В пространном предсмертном обращении осужденный Паркер писал: "Я остаюсь приверженцем благороднейшей из человеческих страстей — острой чувствительности к любым проявлениям людского горя. Так мог ли я стоять в стороне, безучастно взирая на то, как лучшие из моих сограждан тиранически попираются худшими из них?"

Ему же принадлежат слова, произнесенные уже с петлей на шее: "Я умираю смертью мученика за человечность!"

Многих морских офицеров к бесчеловечному обращению с матросами побуждала, безусловно, не врожденная жесто кость, а порочная система, частью которой они стали. Ведь не кто иной, как сам адмирал Нельсон, говоря о ламаншском мятеже, заявил: "Я полностью солидарен с первой из претензий матросов. Интересы военных моряков игнорируются всегда, а в мирное время о них постыдно забывают вообще".

Как бы подтверждая этот вывод, известный автор множества увлекательных морских новелл капитан Марриет* в 1830г. писал: "Существует определенный переломный момент, после которого смирение перед гнетом перестает быть добродетелью, а бунт уже не может считаться преступлением... Во время первого мятежа у матросов имелись все основания для выражения недовольства... к тому же они не прибегали к насилию до тех пор, пока не убедились в полной бесплодности их многократных и смиренных ремонстраций".


"Наконец-то снова воцарил век разума. Мы долгие годы стремились стать людьми. Мы ими стали и требуем к себе подобающего отношения!"

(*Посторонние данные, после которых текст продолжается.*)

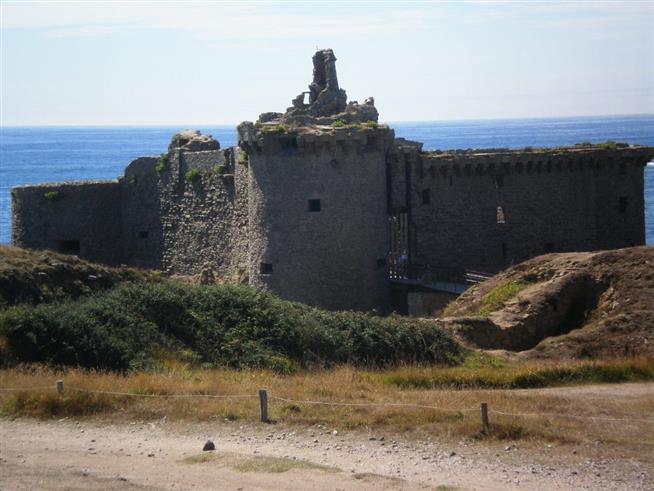 Le Vieux Château de l'Ile d'Yeu - Hôtel des Voyageurs, hôtel de charme avec chambres vue mer sur le Port Joinville - Ile d'Yeu - Vendée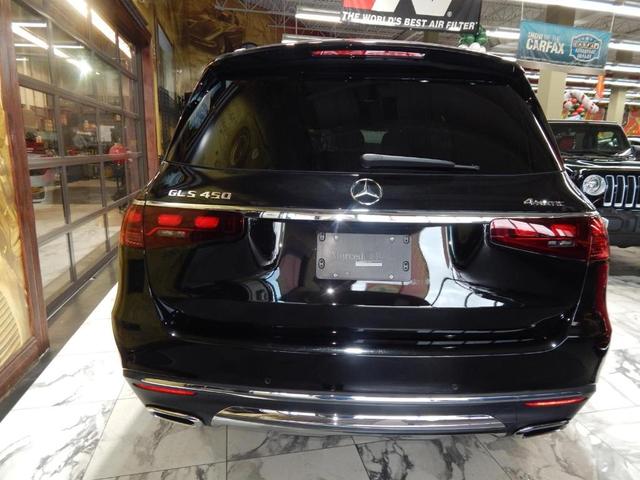 Photo of 2024 Black Mercedes-Benz GLS 450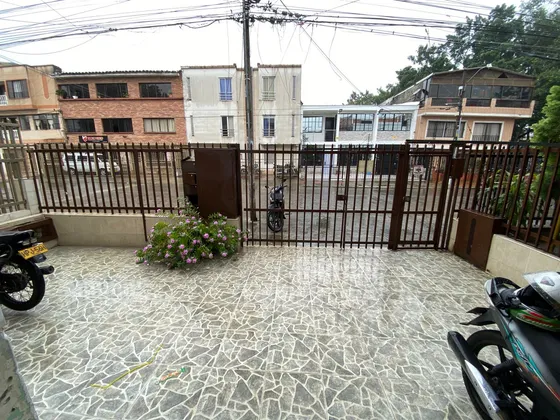 Aparta Estudio En Primer Piso, Barrio Colseguros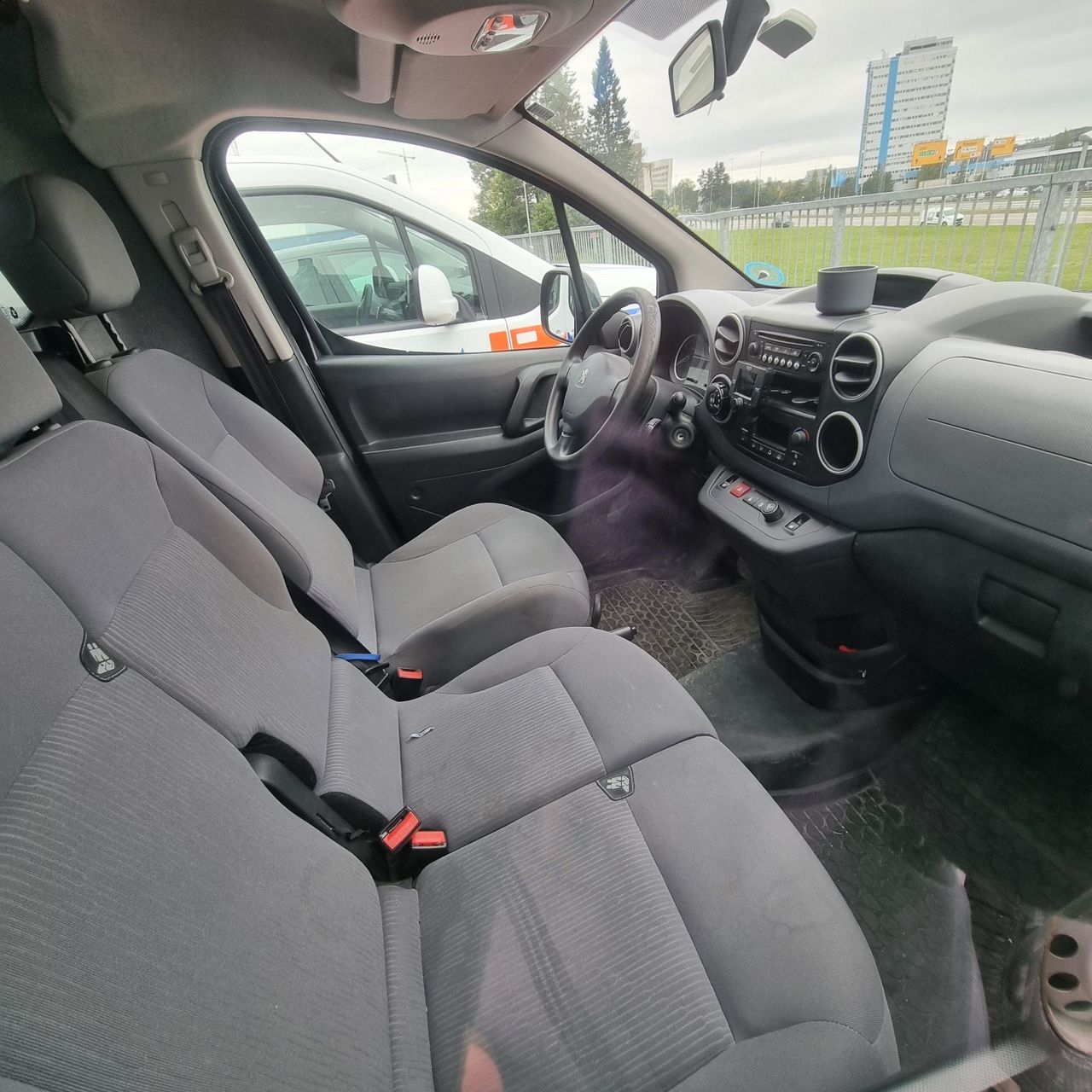 Peugeot Partner Electric 22.5 kWh 2014, bild 6/10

(Из обращения команды военного корабля "Монтегю"
североморского флота Его Величества).


Всего несколько коротких строк, но сколько в них возвышенного и благородного смысла!

 

* Марриет, Фредерик (1792—1848) — английский писатель, прослуживший в военно-морском флоте четверть века (с 1806 по 1830г.). В своих произведениях, подписанных "Капитан Марриет", он рассказывал о морских сражениях (в основном времен наполеоновских войн), корабельном быте, умеренно критиковал тяжелое положение матросов, в частности осуждал насильственные методы вербовки в британский флот. Побывав в 1837—1839 гг. в США, Марриет опубликовал "Американский дневник", в котором осуждал негритянское рабство и критиковал политический строй США. Прим.ред.